Problem> Your reply should set down word for word each line below from the one with "bright warehouse interior" through the final line, both included, but none of the pictures.

Dataset records>
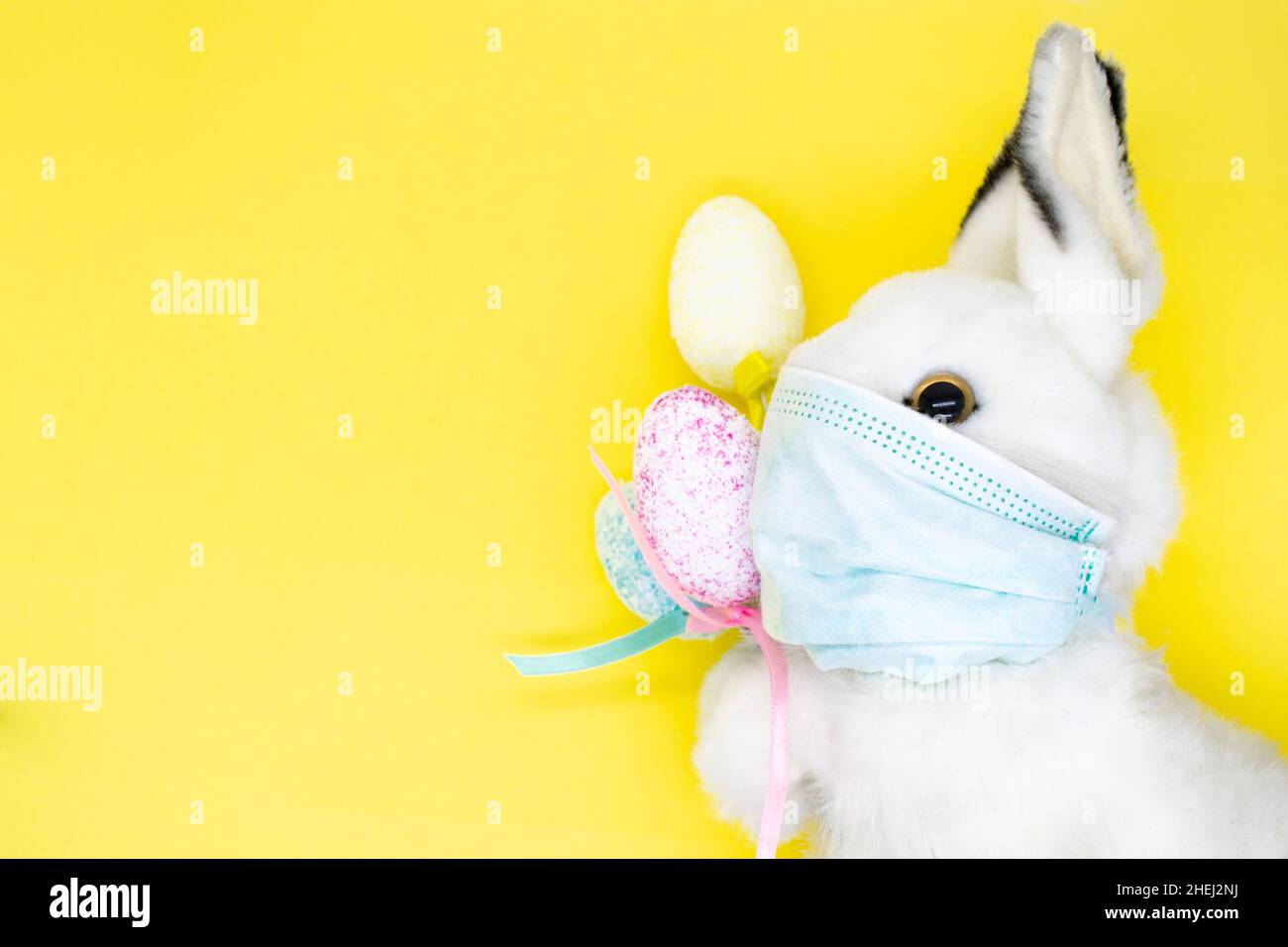 Easter Bunny in a facial medical mask with a bouquet of colorful eggs ...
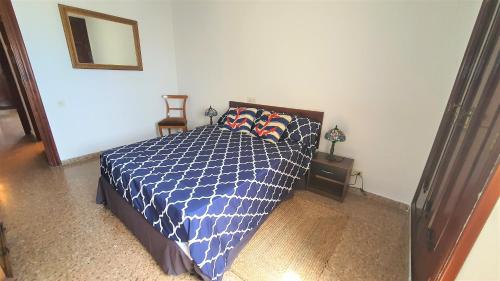 Ένα ή περισσότερα κρεβάτια σε δωμάτιο στο Apartamento en primera linea en la Playa de San Juan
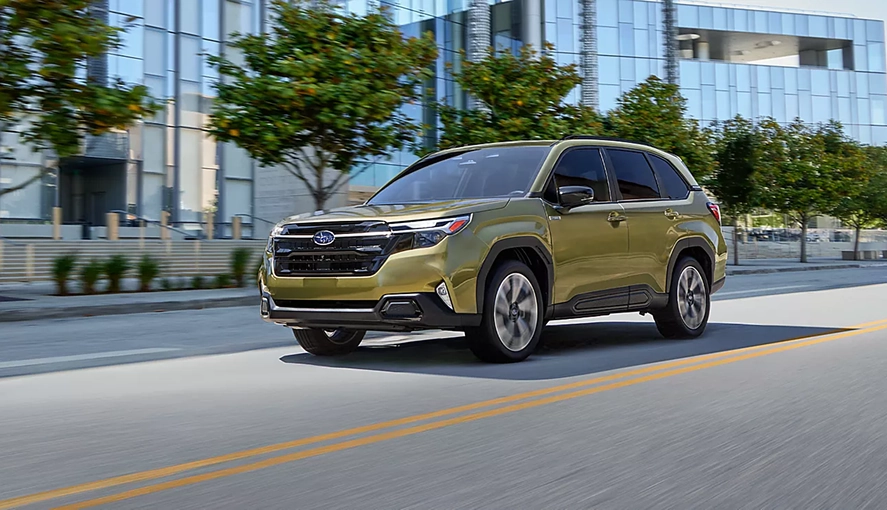Green 2026 Subaru Forester Hybrid driving on a city street, front three-quarter view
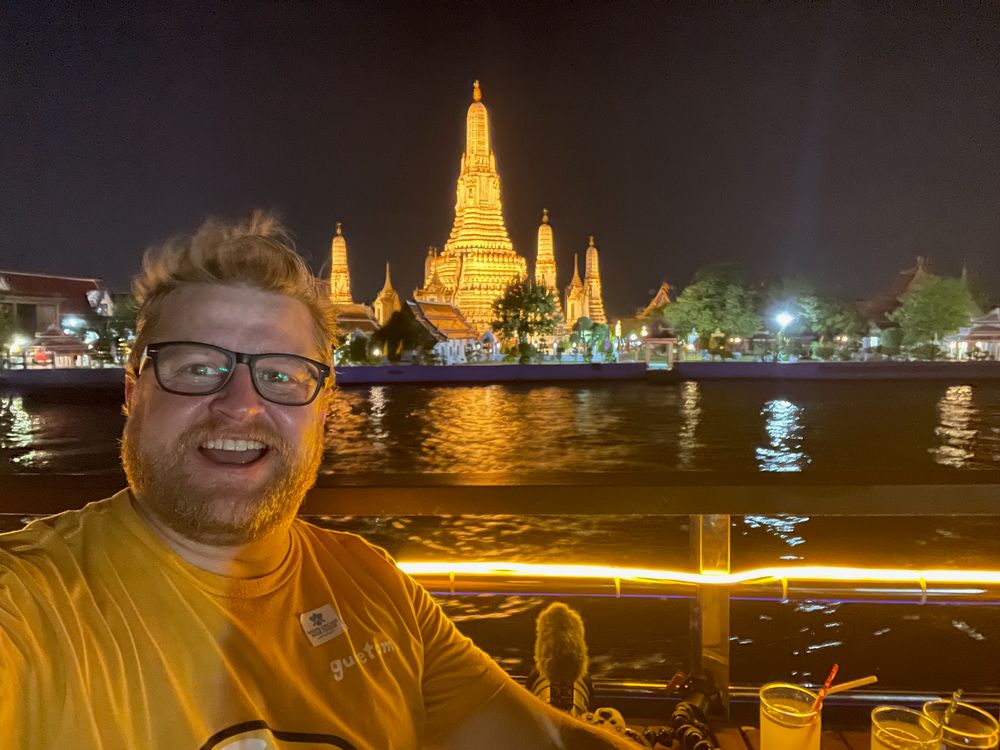 Adam smiling in a selfie on a river boat at night with the illuminated spires of Wat Arun reflected in the Chao Phraya River behind him.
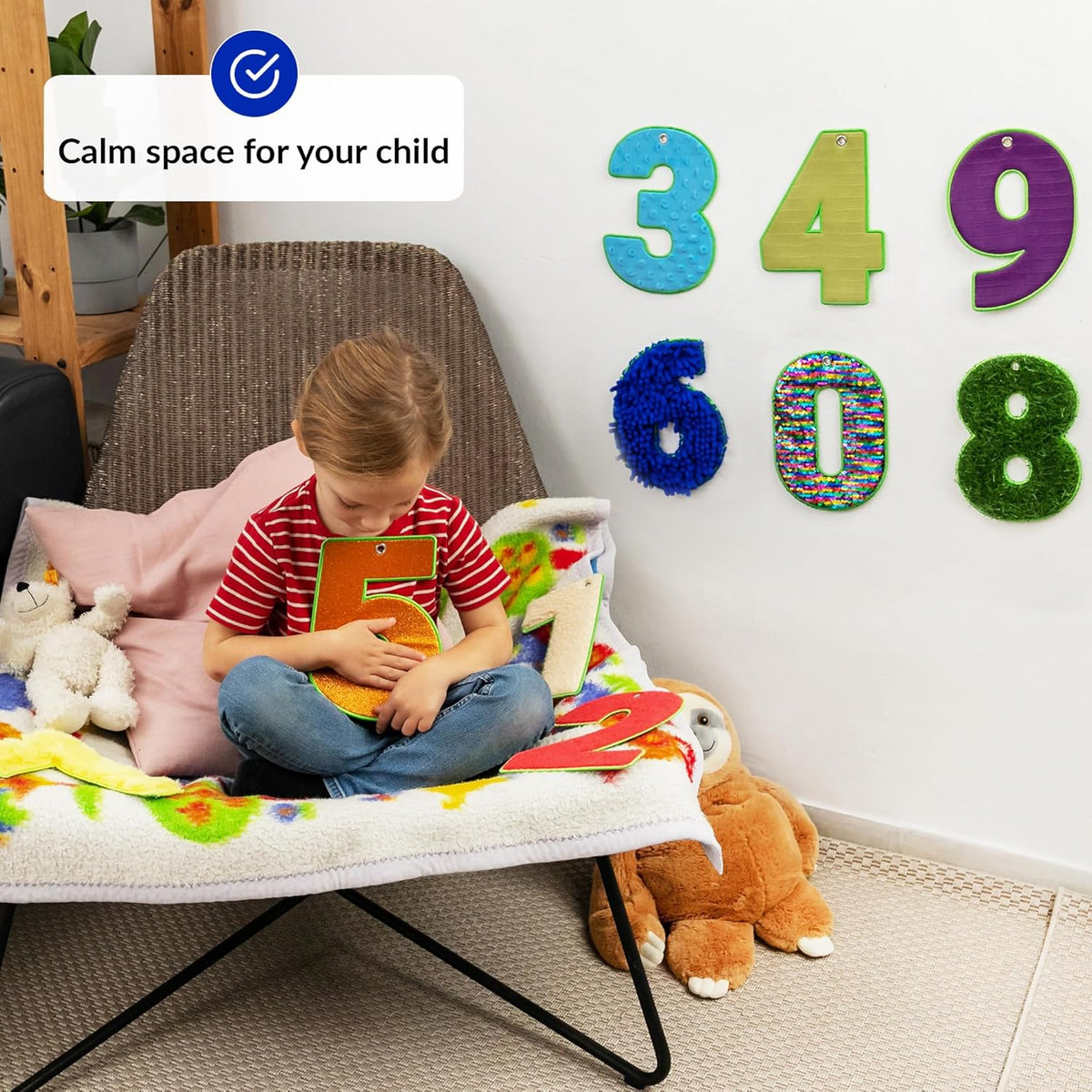 Child playing with sensory number with decorative numbers on the wall.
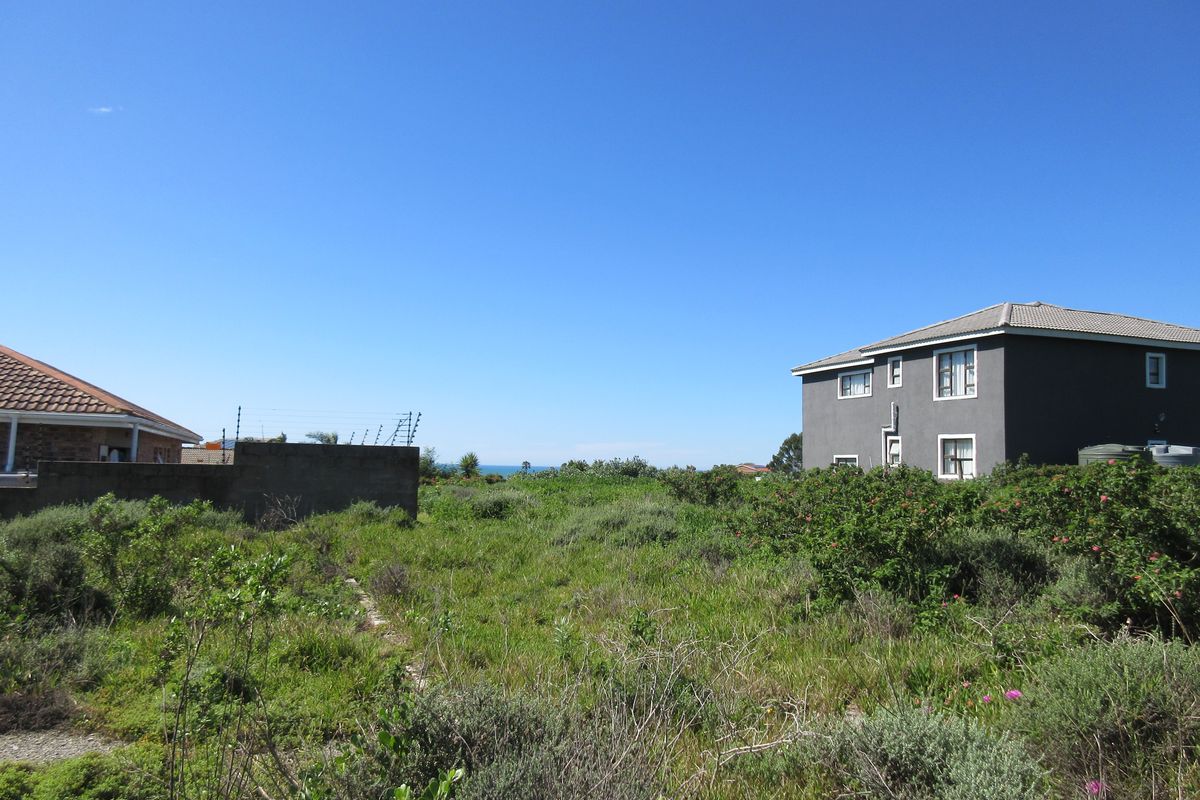 A vacant residential plot featuring natural vegetation, boundary walls with electric fencing, and views of neighboring properties.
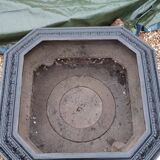 Black cast iron wood burning stove with solid brass handle.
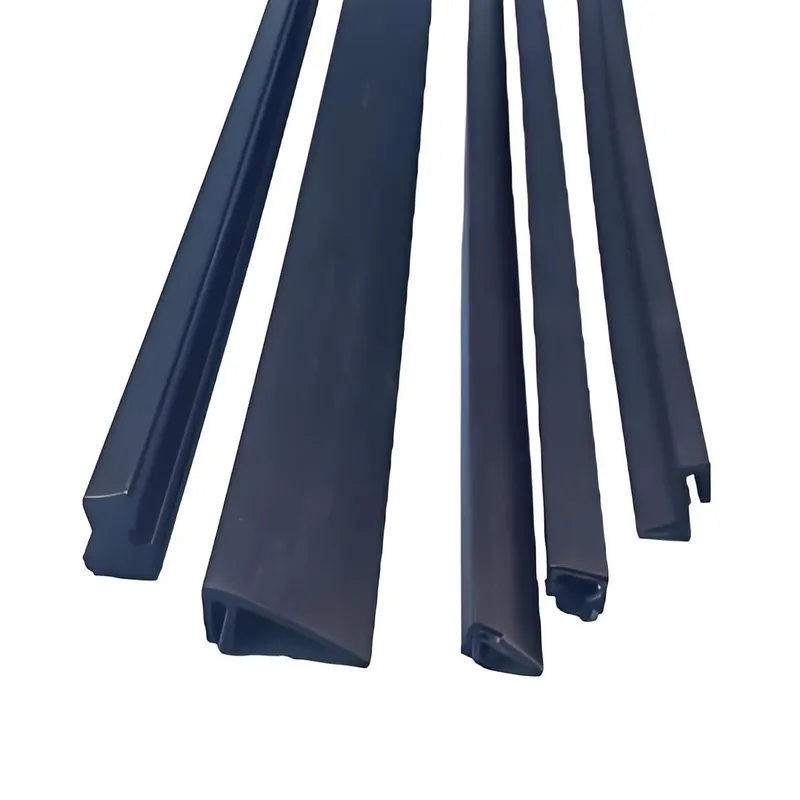 A collection of black rubber seal strips arranged on a white surface.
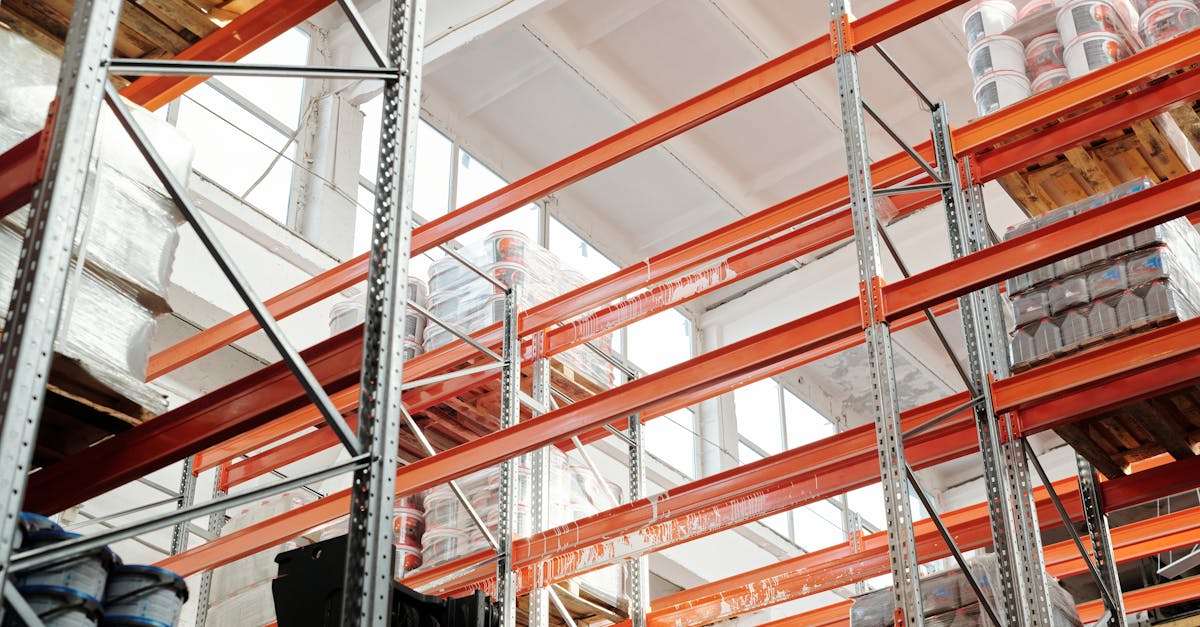 bright warehouse interior with orange metal shelving units and stored goods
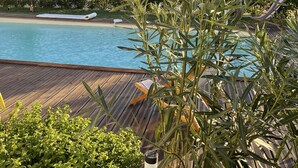 A pool area with a wooden deck, lounge chairs, and lush greenery. - Magnificent new villa between sea and mountains, between Porticcio and Ajaccio (cauro)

Answer space>
 bright warehouse interior with orange metal shelving units and stored goods
 A pool area with a wooden deck, lounge chairs, and lush greenery. - Magnificent new villa between sea and mountains, between Porticcio and Ajaccio (cauro)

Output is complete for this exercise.